* **The problem**: Start at the line with "Classic Tag Teams Pin by Ace13creations" in the records below, stop at the line with "植绒衣架表面静电喷胶装置俯视图", and return every line in that span exactly, the two end lines included.

=== Source records ===

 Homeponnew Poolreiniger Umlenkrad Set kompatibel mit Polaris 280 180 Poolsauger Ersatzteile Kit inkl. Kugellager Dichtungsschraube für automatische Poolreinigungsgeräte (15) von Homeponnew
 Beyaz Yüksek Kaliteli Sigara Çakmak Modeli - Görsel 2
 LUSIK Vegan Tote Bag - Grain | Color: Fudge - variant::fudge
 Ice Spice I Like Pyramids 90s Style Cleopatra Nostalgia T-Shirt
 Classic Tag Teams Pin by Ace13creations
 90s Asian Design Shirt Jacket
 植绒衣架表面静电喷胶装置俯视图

===
=== Source records ===

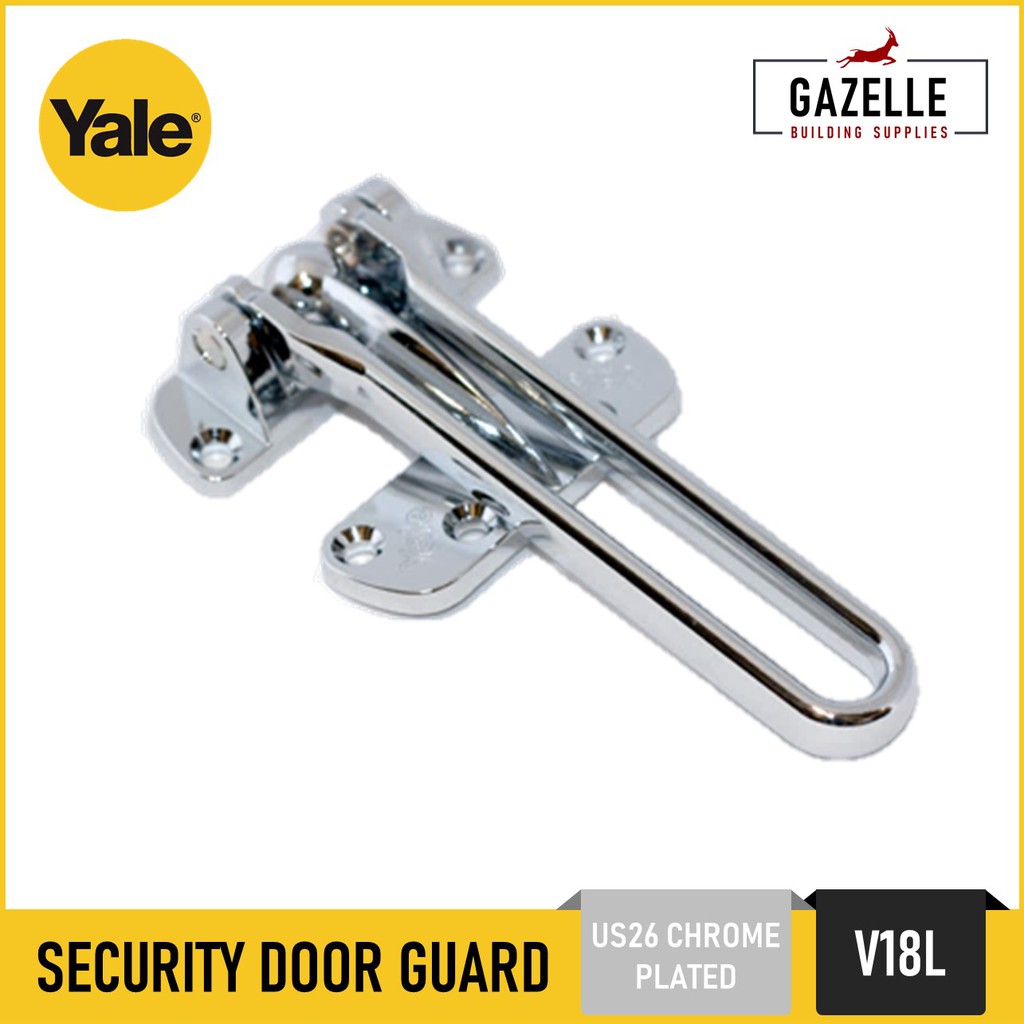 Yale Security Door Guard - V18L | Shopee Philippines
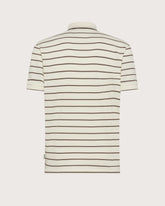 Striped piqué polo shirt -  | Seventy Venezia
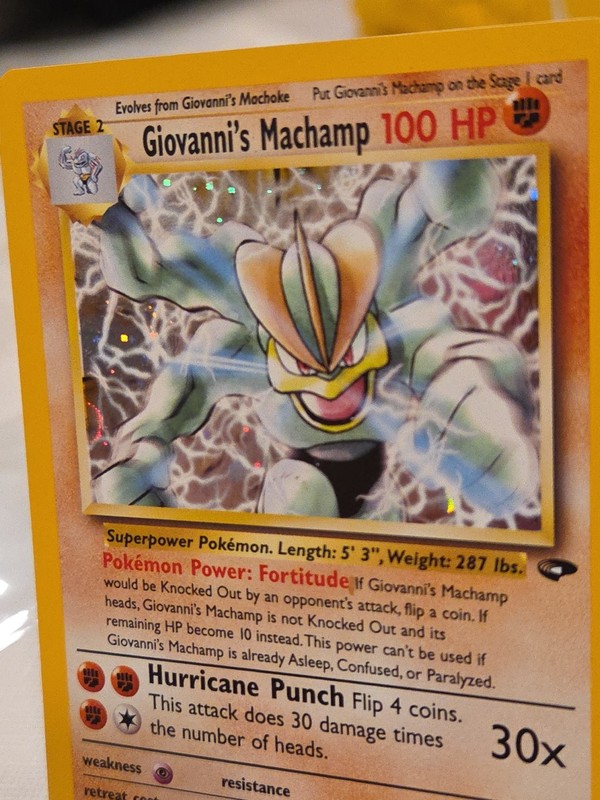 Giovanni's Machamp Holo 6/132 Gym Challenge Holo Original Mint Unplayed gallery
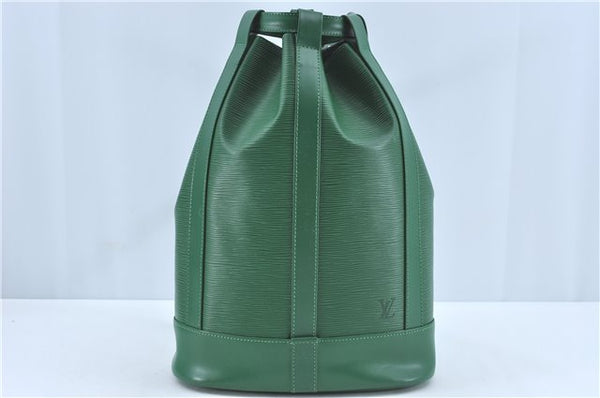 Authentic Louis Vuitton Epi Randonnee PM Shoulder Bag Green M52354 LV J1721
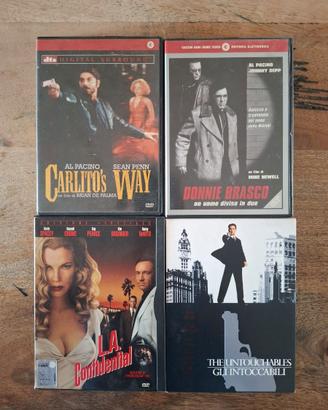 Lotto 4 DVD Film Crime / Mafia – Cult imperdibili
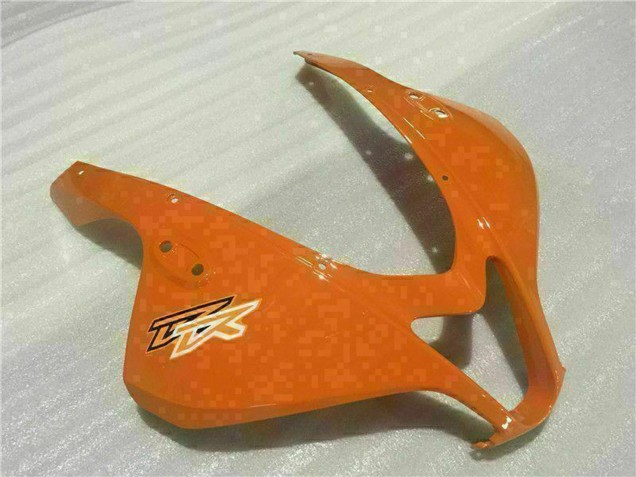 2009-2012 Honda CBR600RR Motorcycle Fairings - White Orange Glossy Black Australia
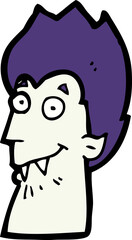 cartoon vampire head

===
=== Source records ===

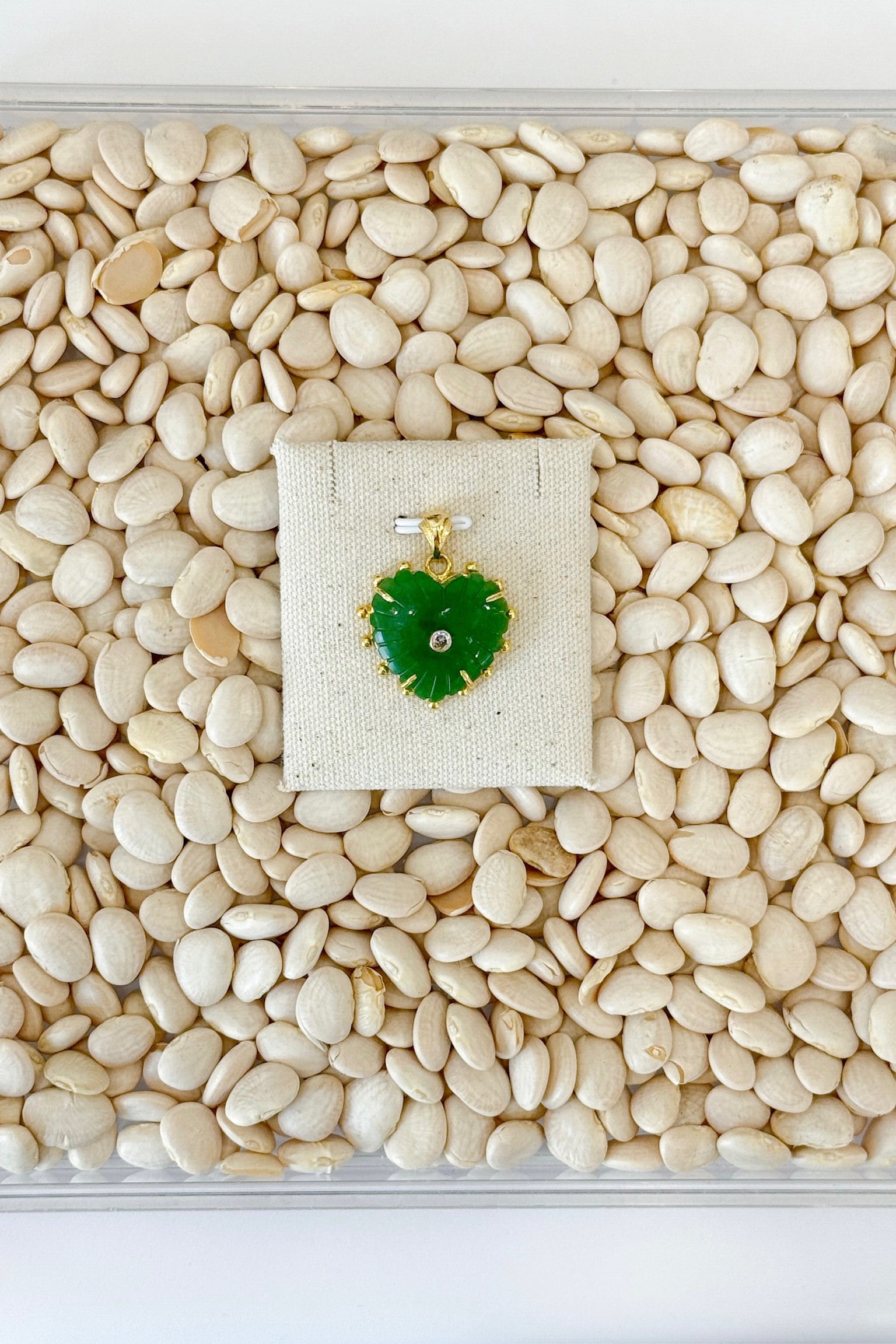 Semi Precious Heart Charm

===

* **Answer box**:
 Classic Tag Teams Pin by Ace13creations
 90s Asian Design Shirt Jacket
 植绒衣架表面静电喷胶装置俯视图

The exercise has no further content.